Cinema mudo, Carlos Fajardo

Carlos Fajardo tem 80 anos. Mal acreditei ao fazer a conta. Braguinha — um compositor de marchinhas sutil, sábio, bem-humorado e longevo que viveu 99 anos — disse certa vez que “a vida só gostava de quem gosta da vida”. Batata!

Conheci-o em 1985 na casa do escultor e amigo comum José Resende. Fajardo tinha então 45 anos. Os cabelos ralearam um pouco, o corpo talvez tenha ganhado alguns gramas. No mais, sempre o porte de toureiro com traços de espadachim francês dos tempos da monarquia.

E um incorrigível otimismo, mesmo nas épocas de aperto financeiro ou de problemas de saúde. Seus gestos meio geométricos, suavemente angulosos — ao pôr a mão nas costas de um amigo, ao apoiar a ponta do sapato no chão e ao caminhar — parecem ter sido desenhados por Saul Steinberg, não tivessem sido traçados por ele mesmo.
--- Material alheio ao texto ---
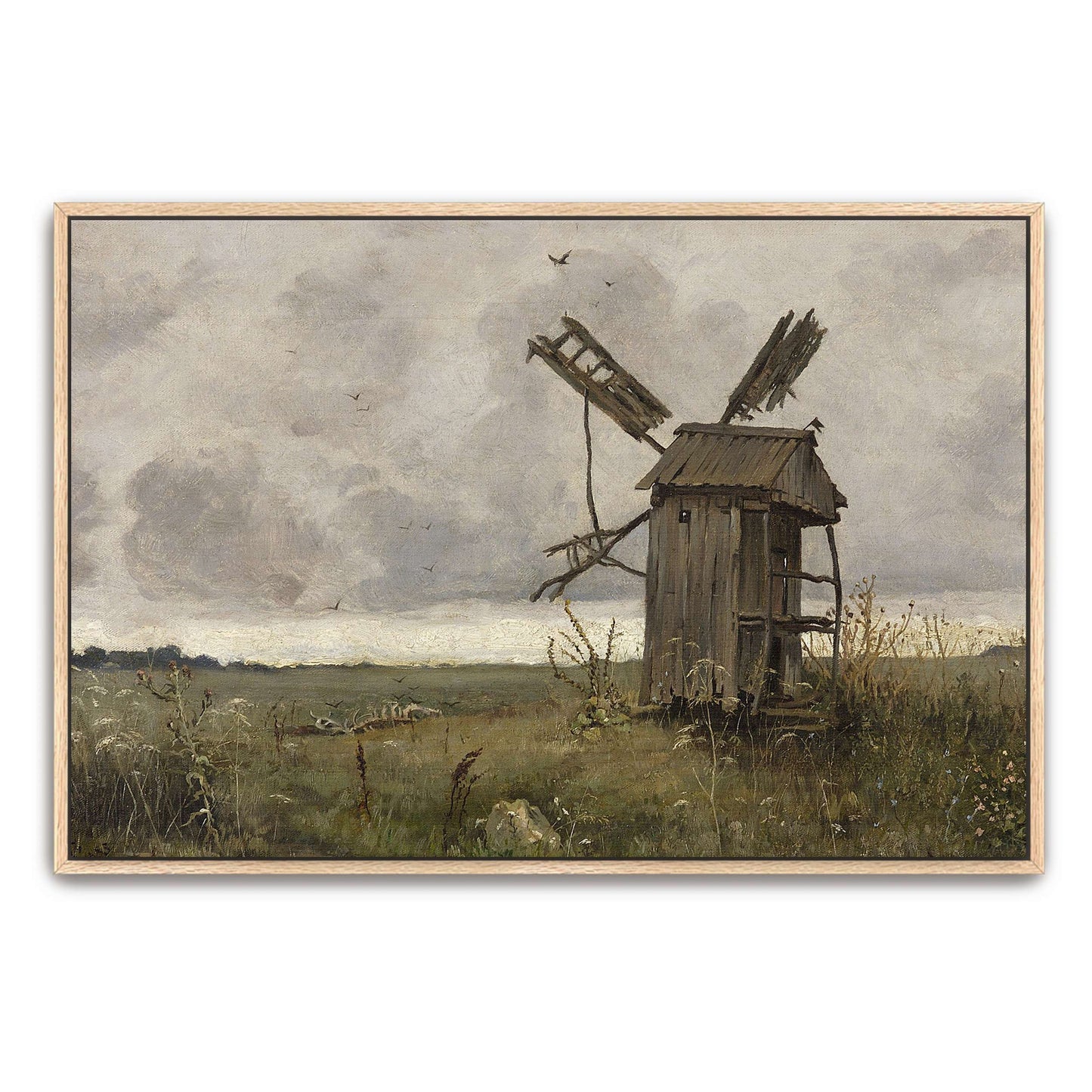 A dilapidated windmill in a field by Jan Stanislawski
Nosso artista é nomeado de diferentes formas, dependendo do grau de intimidade ou da época em que se conheceram: Fafá, Carlos, Fajardo, Carlos Fajardo, Don Carlos ou mesmo Carlos Alberto, exclusivo de sua mãe, quando zangada com o filho. Ele corresponde a todos. Desde o mais íntimo ao mais impessoal.

Não gosta da ideia de trabalho de arte, embora seja um trabalhador incansável. Lecionou por treze anos no Departamento de Artes Visuais da Escola de Comunicações e Artes da USP. Desde 1965 dá aulas particulares. Em 1985, fui convidado pelo professor e amigo José Arthur Giannotti para editar a revista Novos Estudos do Centro Brasileiro de Análise e Planejamento (Cebrap).

Logo no segundo número que realizei (o 19, se não me engano), convidei-o a desenhar as capas da publicação. Trabalhamos juntos até 1998, quando decidi me dedicar apenas ao curso livre de história da arte a que me dedico até hoje.

E foi Fajardo o grande responsável pela ideia e pela reunião do primeiro grupo de alunos para que lecionei, ainda em meu apartamento de então na Rua Pelotas, em 1989 Um dia, ao levá-lo até a saída do Cebrap, reclamei de não poder viver do que então já era meu principal interesse, a história da arte.

Ele colocou o braço em meu ombro e disse: “Vamos resolver isso”. Não é que algumas semanas depois já lecionava para umas dez pessoas?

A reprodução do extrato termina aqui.